Il presidente iraniano Mahmoud Ahmadinejad parla con il giornale tedesco Spiegel: spiega cosa si aspetta dal presidente degli Stati Uniti Barack Obama, perché la strategia americana in Afghanistan è sbagliata e perché l’Iran dovrebbe avere un posto nel Consiglio di sicurezza dell’Onu.

SPIEGEL: Signor presidente, fino a oggi siete stato quattro volte negli Stati Uniti per prendere parte all’assemblea generale delle Nazioni unite. Qual è la vostra impressione dell’America e degli americani?

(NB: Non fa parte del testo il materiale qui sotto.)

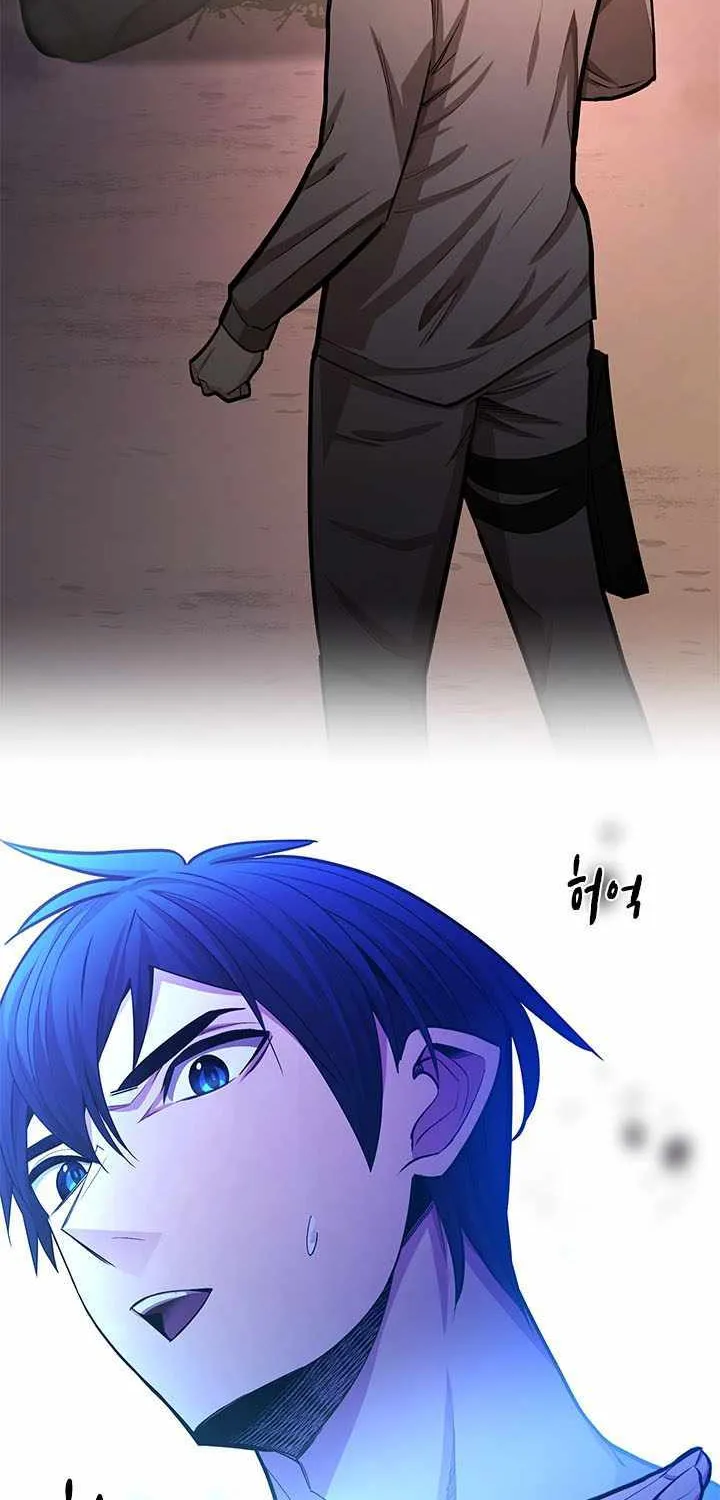 Read The Tutorial Is Too Hard chapter 215 image 4 on Lezhin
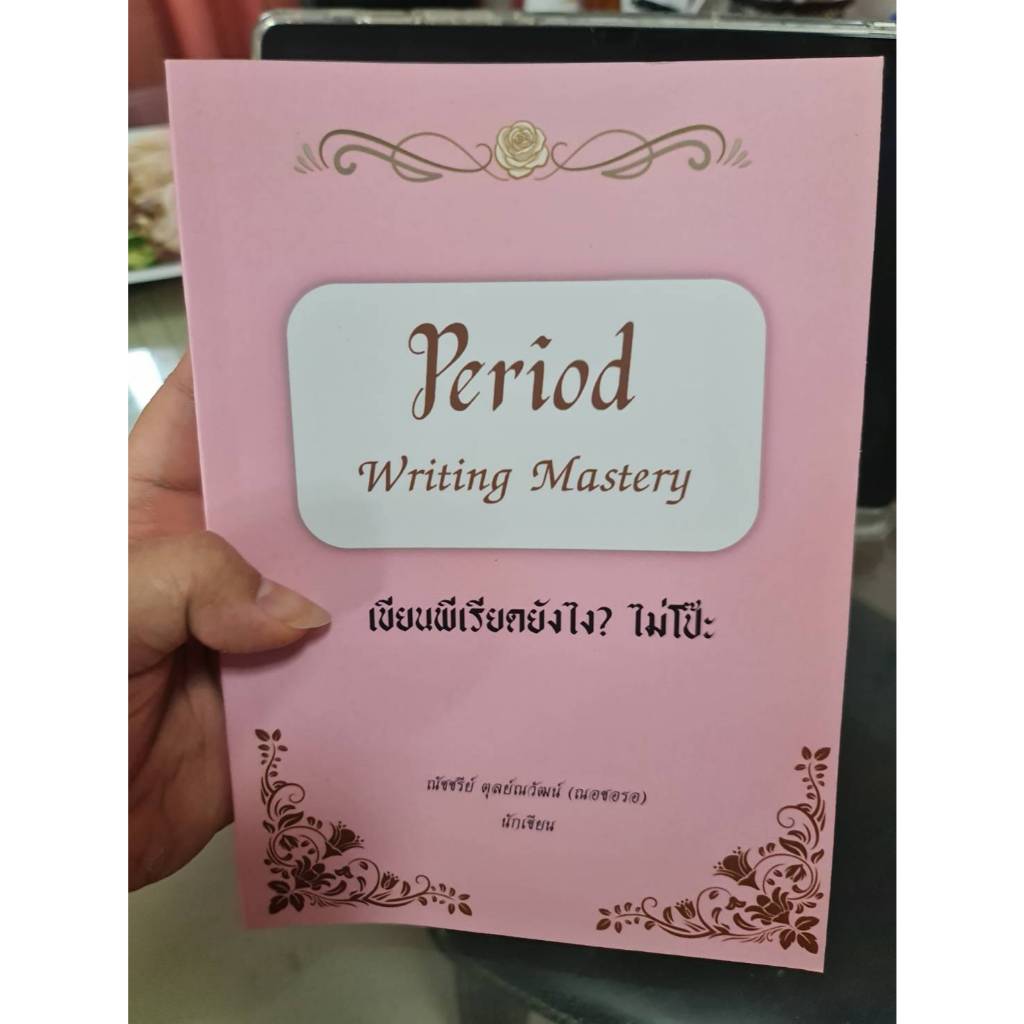 หนังสือเขียนพีเรียดยังไงให้ไม่โป๊ะPeriodWritingMastery/คู่มือการเขียน/นิยาย/ขีดเขียนอะคาเดมี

Ahmadinejad: In nome di Dio, il Misericordioso, il Compassionevole, sono lieto di essere in grado di darle ancora una volta il mio benvenuto a Teheran, dopo la lunga conversazione che abbiamo avuto circa tre mesi fa. Veniamo agli Stati Uniti. Ovviamente, uno non può arrivare a conoscere un paese come gli Stati Uniti da piccole visite, ma il discorso e la discussione tenuti alla Columbia University sono stati un’esperienza speciale per me. Sono conscio della necessità di una distinzione tra il governo americano e il popolo americano. Non riteniamo gli americani responsabili delle scelte sbagliate fatta dall’amministrazione Bush. Loro vogliono vivere in pace, come tutti noi.

SPIEGEL: Il nuovo presidente Usa, Barack Obama, si è rivolto direttamente alla nazione iraniana in un discorso pronunciato davanti alle tv tre settimane fa, durante i festeggiamenti per il nuovo anno iraniano. Ha visto quel discorso?

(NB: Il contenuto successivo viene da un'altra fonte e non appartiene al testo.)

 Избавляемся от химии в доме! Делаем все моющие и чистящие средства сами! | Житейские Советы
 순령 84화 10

Ahmadinejad: Sì. Grandi cose stanno accadendo negli Stati Uniti. Credo che gli americani stiano iniziando una fase di grandi cambiamenti.

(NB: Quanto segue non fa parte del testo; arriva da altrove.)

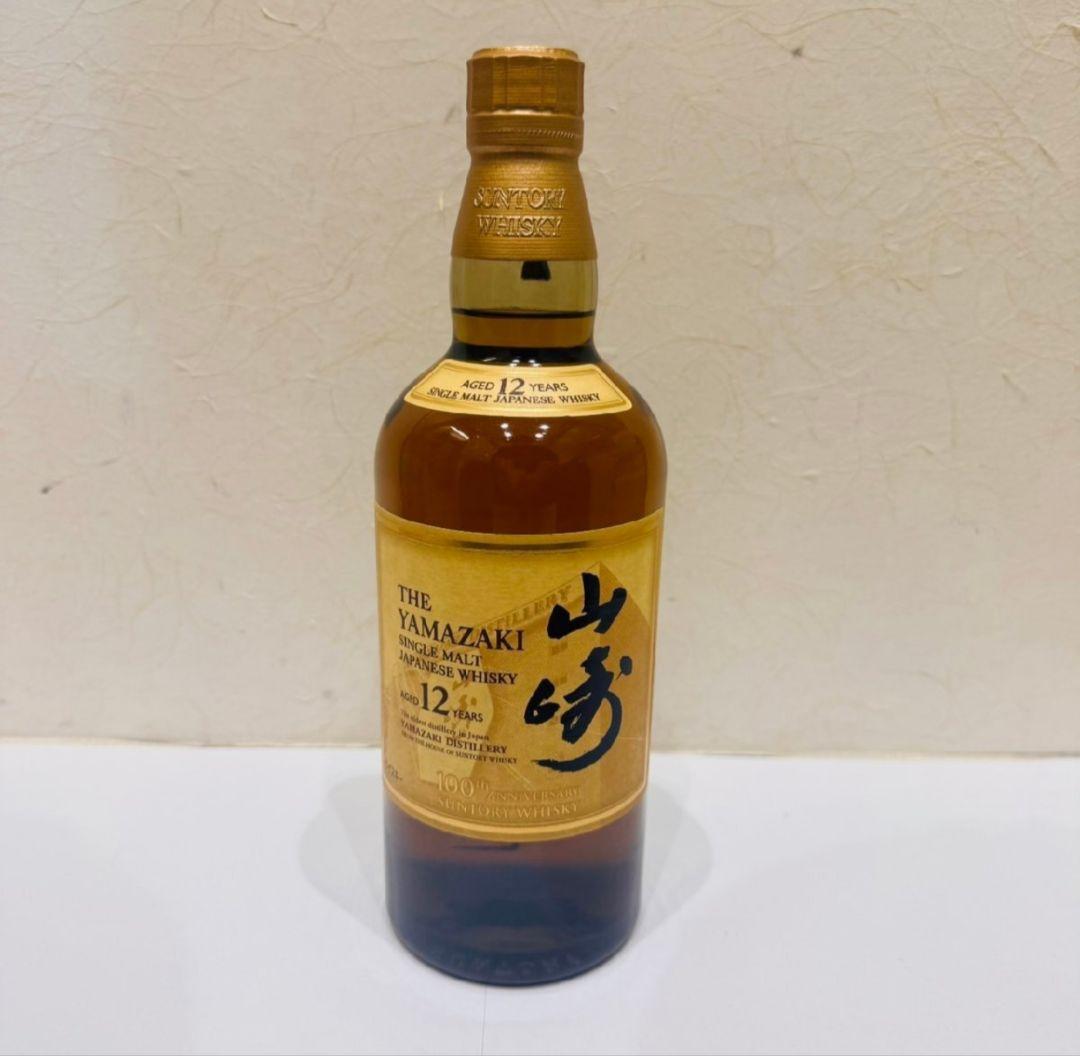 (89)SUNTORY 山崎12年 100周年ラベルシングルモルト ウイスキー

SPIEGEL: Come considera quel discorso?

Ahmadinejad: Ambivalente. Alcuni passi erano nuovi, altri ripetevano posizioni ben note. Mi sono sorpreso di tutta l’importanza attribuita da Obama alla civiltà iraniana, alla nostra storia e alla nostra cultura. E’ altresì positivo che abbia sottolineato come rispetto reciproco e relazioni franche e oneste debbano essere la base di una cooperazione. In un passaggio del suo discorso ha detto che la posizione di una nazione nel mondo non può dipendere soltanto dalle armi e dalla potenza militare, il che è esattamente quello che noi dicevamo alla precedente amministrazione Usa. Il grande errore di George W. Bush è che voleva risolvere ogni problema per via militare. Sono finiti i tempi in cui una nazione può dare ordini ad altri popoli. Oggi l’umanità ha bisogno di cultura, idee e logica.

SPIEGEL: Dunque?

Ahmadinejad: Riteniamo che Obama debba far seguire i fatti alle sue parole.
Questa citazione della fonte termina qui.